There are, of course, a million and three gadgets that all claim to make it easy to hold a particular sharpening angle, and some of them even work. The recently developed Columbia River Slide-Sharp is probably the best of them. Every electric sharpener ever made is equal worst.

It's no big deal to learn hand sharpening on a few two-dollar knives, though. Cheap steel probably won't hold an edge for long, but what do you care; it's better if it goes blunt fast, since you want practice at sharpening. There are about a thousand different sharpening techniques, all of which claim to be the best, but all you really need to do it is appropriate abrasives.

This used to mean actual honest-to-goodness natural stones, which wear into a saddle shape with use and then need to be dressed back into flatness, or thrown away. Then came harder artificial stones made from crystalline aluminium oxide (a.k.a. corundum - sapphire, emerald, ruby) or the somewhat-harder-again silicon carbide (which can be had on waterproof sandpaper, which can sharpen blades just fine if you put it on a sheet of plate glass for flatness).

Then came "diamond cards" and other kinds of diamond sharpener, which are pieces of steel with an industrial diamond coating.

Unlike some natural stones, diamond cards work fine with only water as a cutting fluid (or spit, if you want to look macho). The purpose of the cutting fluid is just to float the metal filings out of the cutting grit, not to lubricate; most diamond cards have holes in the surface to collect the filings. You can use oil with diamond sharpeners if you like, but there's little reason to do so. Most old-style sharpening stones won't work right with water, but on a diamond card oil is just messier.

And, to a first approximation, diamond cards never wear out.

This is because diamond, even very cheap grey industrial diamond, is much harder than everything else in the world, excepting a couple of highly exotic compounds that cost slightly more than happiness. The Mohs Hardness Scale has corundum at 9 and diamond at 10, but the Mohs scale isn't linear, it's "ordinal". It just tells you what's harder than what, not by how much.

If you make a new linear scale that assigns 9 Hardness Points to sapphire, diamond actually scores about thirty-four.

Quartz - which easily scratches even the hardest glass - is 7 on the Mohs scale, but diamond is about 15 times as hard as it.

Super-cheap diamond cards may have a very thin coating and wear out when the nigh-indestructible diamond is mechanically knocked loose from the metal matrix, but even the cheap ones last quite well, in my experience. The only way they go wrong is when the glue holding the plastic backing plate onto the card proper lets go, and the card still works then.

The only thing really wrong with the cheap ones, generally instantly-recognisable three-piece colour-coded sets with long oval holes, like this...

Cheap diamond sharpeners

...is that many dealers try to sell them for the same price as top-quality diamond cards.
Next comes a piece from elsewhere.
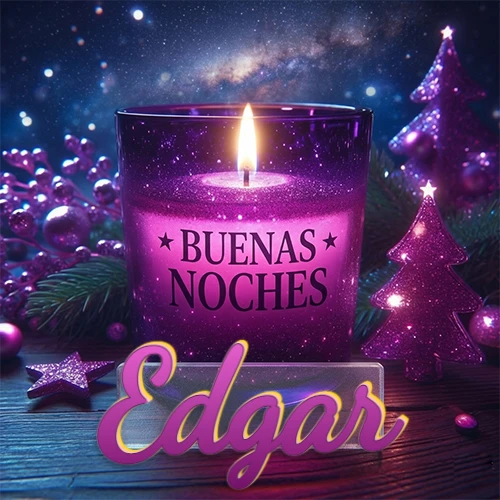 Vela morada brillante dentro de un vaso de vidrio, con la frase 'BUENAS NOCHES', rodeada de adornos festivos brillantes y pequeños árboles de Navidad bajo un cielo nocturno estrellado. El nombre aparece en un marco de vidrio transparente rectangular debajo del vaso. Nombre personalizado: Edgar.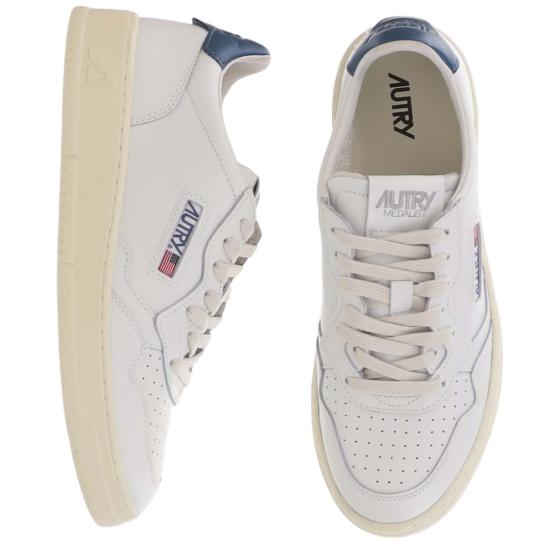 26FW 오트리 메달리스트 로우 스니커즈 AULMLL29LEATWHTMALBLUE White - AUTRY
You can get very nice diamond cards, and files, and paddles, and little sticks, and rods, and various other form-factors, from companies that also make knives, and from a few specialists like Eze-Lap. You can get good-enough diamond cards, however, from many of the same discount stores that sell the suspiciously cheap Chinese kitchen knives on which you can practice sharpening.

Less than ten bucks is the going rate for a set of three differently graded cards. Add another two bucks for an almost-straight butcher's steel (which you use to realign the edge on a knife, not sharpen it), and you're done!